EXERCISE OBJECTIVE
From the line with "Christy Mack War" through the final line of the entries below, write out each line exactly and nothing else.

Records from a data source:
______________________________

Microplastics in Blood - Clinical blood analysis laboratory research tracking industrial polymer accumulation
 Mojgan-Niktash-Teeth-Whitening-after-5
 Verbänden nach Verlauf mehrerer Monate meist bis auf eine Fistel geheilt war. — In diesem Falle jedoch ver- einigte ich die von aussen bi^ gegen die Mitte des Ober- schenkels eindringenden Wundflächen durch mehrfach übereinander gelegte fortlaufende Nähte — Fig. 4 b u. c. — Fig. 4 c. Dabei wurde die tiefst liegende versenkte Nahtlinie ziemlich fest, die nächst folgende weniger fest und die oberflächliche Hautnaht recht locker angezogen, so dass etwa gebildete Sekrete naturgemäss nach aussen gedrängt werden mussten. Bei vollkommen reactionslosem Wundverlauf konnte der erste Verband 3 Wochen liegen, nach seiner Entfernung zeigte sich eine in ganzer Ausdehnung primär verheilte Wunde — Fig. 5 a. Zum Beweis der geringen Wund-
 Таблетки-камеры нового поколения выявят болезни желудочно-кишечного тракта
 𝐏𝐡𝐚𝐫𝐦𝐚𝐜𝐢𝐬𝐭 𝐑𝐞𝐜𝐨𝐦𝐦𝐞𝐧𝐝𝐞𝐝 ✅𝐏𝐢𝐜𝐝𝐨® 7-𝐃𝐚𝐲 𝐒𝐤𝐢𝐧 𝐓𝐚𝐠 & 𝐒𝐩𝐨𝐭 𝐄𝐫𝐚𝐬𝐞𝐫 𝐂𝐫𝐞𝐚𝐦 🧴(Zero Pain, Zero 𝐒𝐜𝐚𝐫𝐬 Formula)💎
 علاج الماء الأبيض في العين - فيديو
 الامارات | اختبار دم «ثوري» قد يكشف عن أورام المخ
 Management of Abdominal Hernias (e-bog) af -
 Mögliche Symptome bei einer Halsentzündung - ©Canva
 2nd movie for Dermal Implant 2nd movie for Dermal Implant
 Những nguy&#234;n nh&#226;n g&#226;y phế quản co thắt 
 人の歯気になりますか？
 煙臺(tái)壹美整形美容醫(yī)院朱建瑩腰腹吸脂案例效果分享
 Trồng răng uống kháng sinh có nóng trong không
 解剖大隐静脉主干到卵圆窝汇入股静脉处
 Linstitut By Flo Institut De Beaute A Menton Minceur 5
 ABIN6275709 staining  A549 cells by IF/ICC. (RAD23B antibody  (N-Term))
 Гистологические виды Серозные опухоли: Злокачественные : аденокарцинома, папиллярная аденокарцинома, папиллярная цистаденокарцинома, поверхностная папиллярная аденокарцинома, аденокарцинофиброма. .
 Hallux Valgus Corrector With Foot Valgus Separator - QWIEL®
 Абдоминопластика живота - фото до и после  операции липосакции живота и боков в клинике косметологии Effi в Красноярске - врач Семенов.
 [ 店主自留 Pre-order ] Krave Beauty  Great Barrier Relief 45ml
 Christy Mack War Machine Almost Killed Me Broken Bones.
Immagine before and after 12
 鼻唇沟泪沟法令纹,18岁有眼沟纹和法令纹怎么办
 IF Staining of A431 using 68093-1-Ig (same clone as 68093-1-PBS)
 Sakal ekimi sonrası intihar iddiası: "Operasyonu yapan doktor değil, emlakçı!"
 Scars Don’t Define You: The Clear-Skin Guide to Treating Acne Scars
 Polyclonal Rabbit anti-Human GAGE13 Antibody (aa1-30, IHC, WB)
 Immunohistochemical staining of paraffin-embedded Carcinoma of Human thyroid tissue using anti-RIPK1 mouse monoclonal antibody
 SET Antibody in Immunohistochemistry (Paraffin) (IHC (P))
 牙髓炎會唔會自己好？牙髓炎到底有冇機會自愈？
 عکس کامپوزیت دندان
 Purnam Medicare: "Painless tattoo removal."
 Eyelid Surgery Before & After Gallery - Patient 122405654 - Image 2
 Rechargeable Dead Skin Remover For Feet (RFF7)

______________________________

SOLUTION FOR THIS EXERCISE
 Christy Mack War Machine Almost Killed Me Broken Bones.
Immagine before and after 12
 鼻唇沟泪沟法令纹,18岁有眼沟纹和法令纹怎么办
 IF Staining of A431 using 68093-1-Ig (same clone as 68093-1-PBS)
 Sakal ekimi sonrası intihar iddiası: "Operasyonu yapan doktor değil, emlakçı!"
 Scars Don’t Define You: The Clear-Skin Guide to Treating Acne Scars
 Polyclonal Rabbit anti-Human GAGE13 Antibody (aa1-30, IHC, WB)
 Immunohistochemical staining of paraffin-embedded Carcinoma of Human thyroid tissue using anti-RIPK1 mouse monoclonal antibody
 SET Antibody in Immunohistochemistry (Paraffin) (IHC (P))
 牙髓炎會唔會自己好？牙髓炎到底有冇機會自愈？
 عکس کامپوزیت دندان
 Purnam Medicare: "Painless tattoo removal."
 Eyelid Surgery Before & After Gallery - Patient 122405654 - Image 2
 Rechargeable Dead Skin Remover For Feet (RFF7)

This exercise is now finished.